Got "no graph nodes that require computing gradients" when use torch.max?


When I implement Dice loss, the size of outputs is Batch x Channel x Width x Height while the target is 1-hot encoded as Batch x Width x Height. So I use

_,o = torch.max(outputs,1)

But when call backward(), the error came out:

RuntimeError: there are no graph nodes that require computing gradients

Is that because torch.max is not differentiable? I’m wondering how can I work around it?

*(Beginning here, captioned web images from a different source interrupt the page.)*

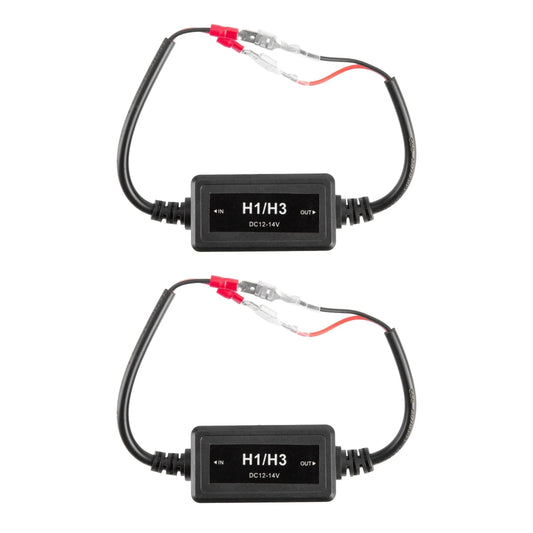 H1/H3 C10-Model Enhanced Ampoules de phare LED Canbus Decoder Anti-flicker Hyper Flash No Warning Harness Resistor Conversio…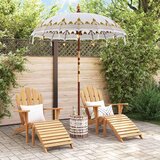 vidaXL balineški parasol krema 180-190 cm pamuk, solidno drvo | shoptok.hr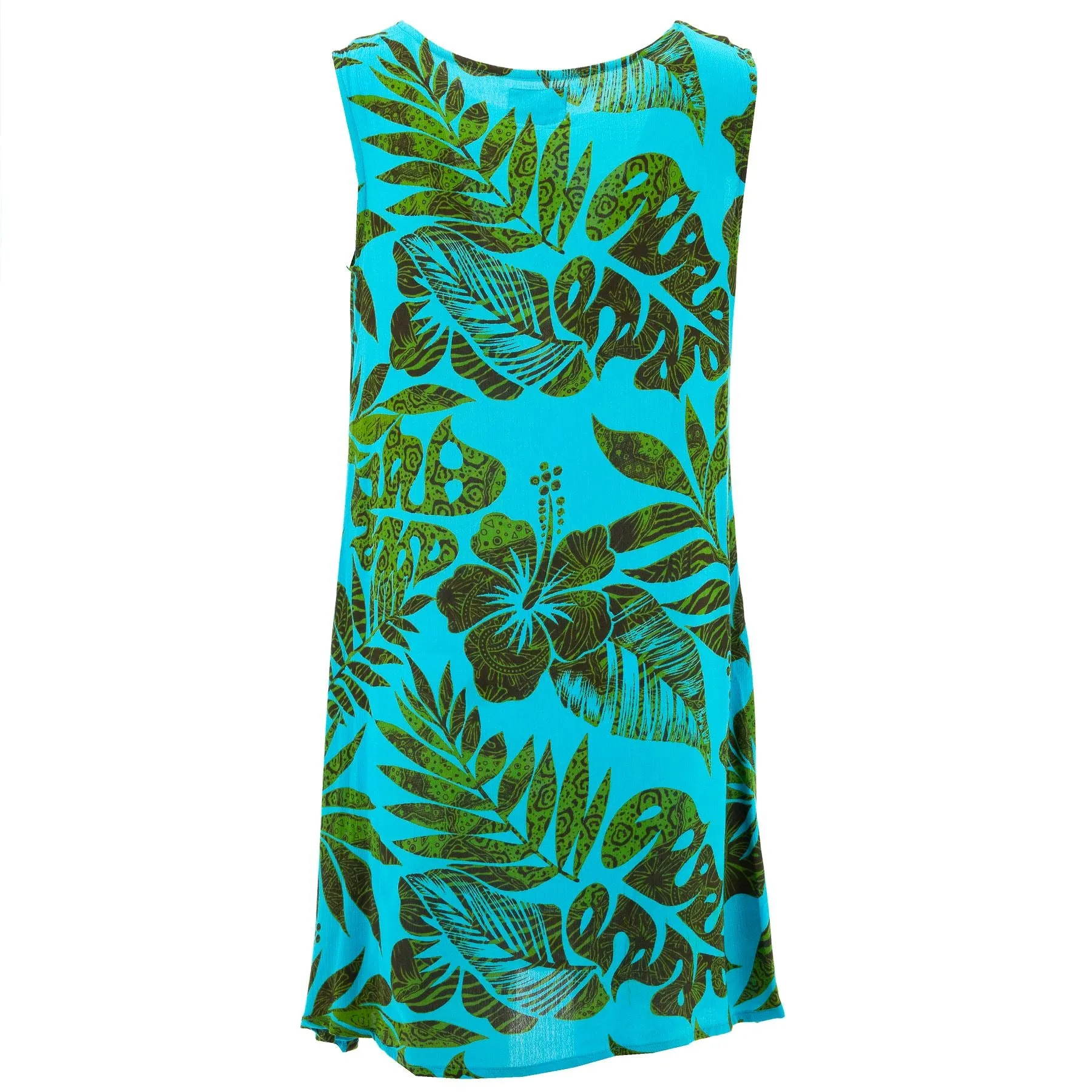 The Swirl Shift Dress - Tropical Leaf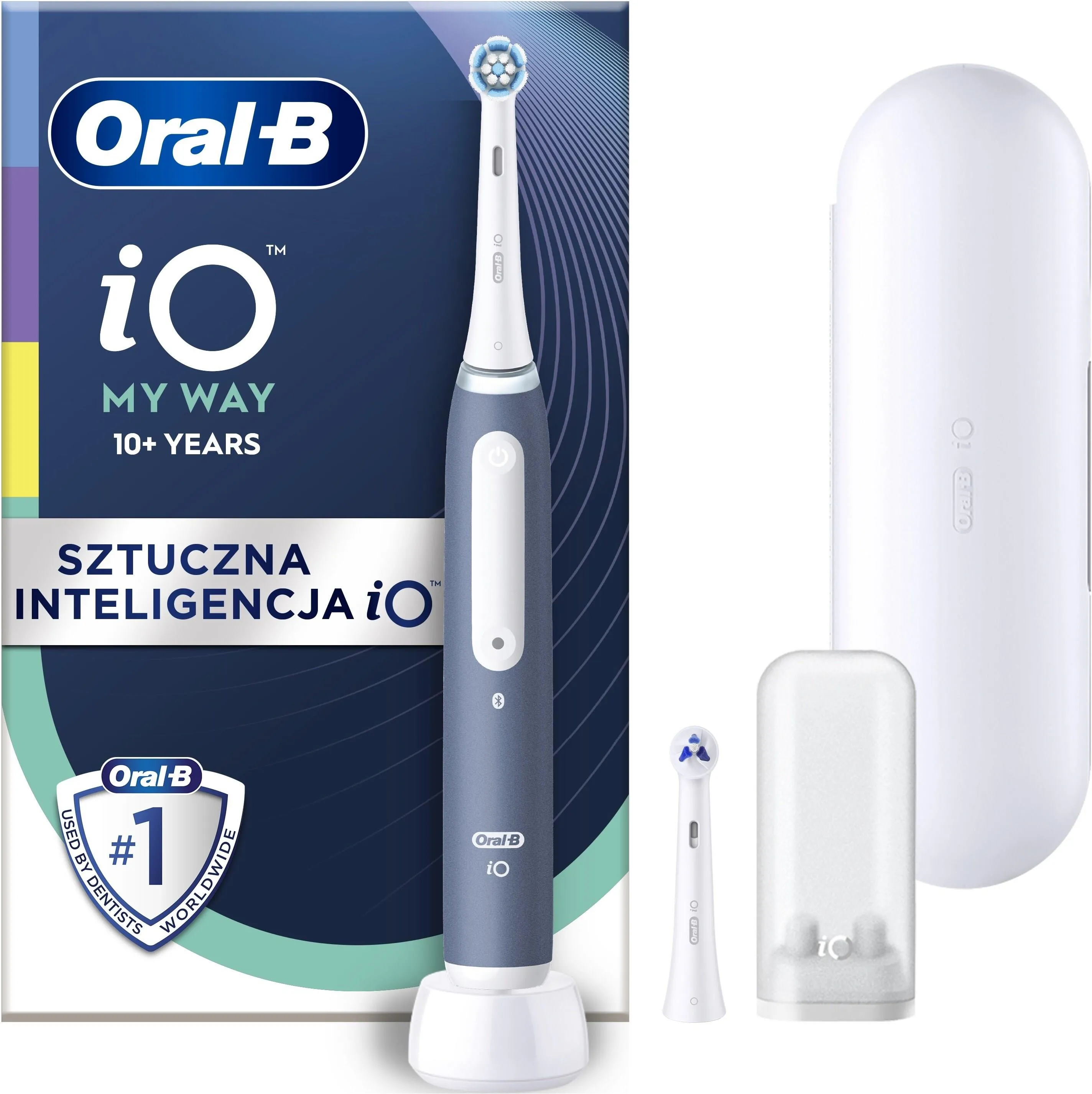 Электрическая зубная щётка Oral-B iO My Way Antracyt, с зарядной станцией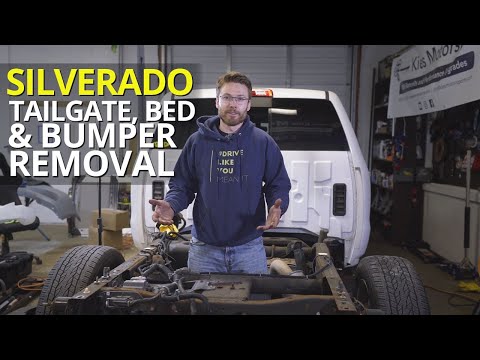 Видео: Как снять кузов, заднюю дверь и задний бампер Silverado 2014–2018 годов выпуска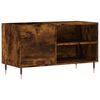 vidaXL Dulap pentru discuri stejar afumat 85x38x48 cm lemn prelucrat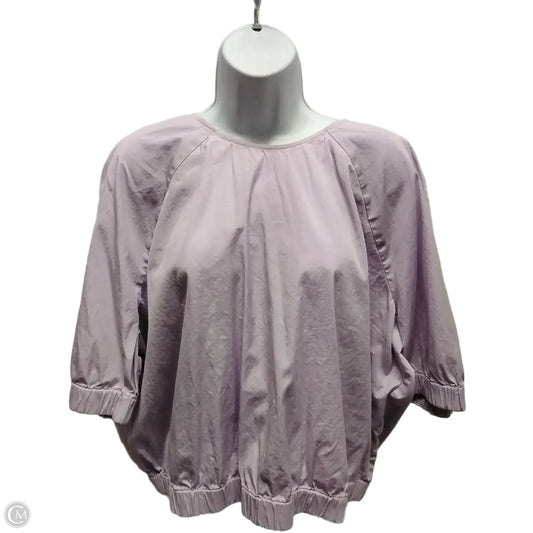 Top Short Sleeve By Open Edit In Purple, Size: 2x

Or I have to write backpropagation part by myself?


the max operation is not differentiable. how will you write the back-propagation yourself if it is not differentiable?

Hi Smth,
Thank you for your reply.
I know if torch.max is not differentiable, we cannot write the backward function. But I’m wondering if there is any workaround that do not use torch.max but achieve the same idea.

I think I found maybe I could use torch.nn.Threshold instead.

In fact, I think it’s pretty common use torch.max in loss function.
Like this:
If the input size is Batch x ClassNumber x H x W while the target size is Batch x H x W, many applications would use torch.max to find the right label and compare with the target.


If you are doing an evaluation, There is no need to call backward.
If you are doing training, then you can use the Softmax function - Which is a differentiable approximation to the max function.

Hi ImgPreSng,

Thank you for your reply. But I could not figure out how nn.Softmax could work as torch.max function?
Could you please give some more details? Thanks so much.

For instance, here’s the DICE cost function I have. How can I use softmax replace the max op?

def forward(self, outputs, targets):
    smooth = .00001
    _, o = outputs.max(1)
    iflat = o.view(-1).float()
    tflat = targets.view(-1).float()
    intersection = (iflat * tflat).sum()

    return  1- ((2. * intersection + smooth) /
              (iflat.sum() + tflat.sum() + smooth))

My suggestion -
First, you encode your target as a One hot encoding - where the target will be 1 for the correct class index, rest zeroes. Thus, the target will be of dimension (B x C x H x W) where B - batch, C - Number of classes, H, W - Height and width.

Then you can apply the softmax function to your outputs, which is also of dimension (B x C x H x W).

Remember to use the negative of this score while minimising. But I am not sure about convergence of this

# Replace outputs.max with this
outputs = outputs.permute(0,2,3,1).contiguous()
outputs = outputs.view(output.numel() // C, C) # ( B x H x W, C)
outputs = torch.nn.Softmax(outputs) #( B x H x W, C), 
# Probabilities over C classes for each Pixel

targets = targets.permute(0,2,3,1).contiguous()
targets = targets.view(targets.numel() // C, C) # ( B x H x W, C)

# Remaining part of code will be same as yours
# Your code considers each class with equal weight. So if you have too much background,
# The loss due to foreground might be overshadowed. Consider weighting the dice_loss
# component of each class separately by taking the sum without flattening and later summing over 
# each class with a weight attached to it.

You should also take a look at NLL_Loss2D for Segmentation Problems -


Ahhh, got it. Thanks so much.
Just a minor error here I think:

outputs = torch.nn.Softmax()(outputs)

And you are right, I need to put some weights for such unbalanced data.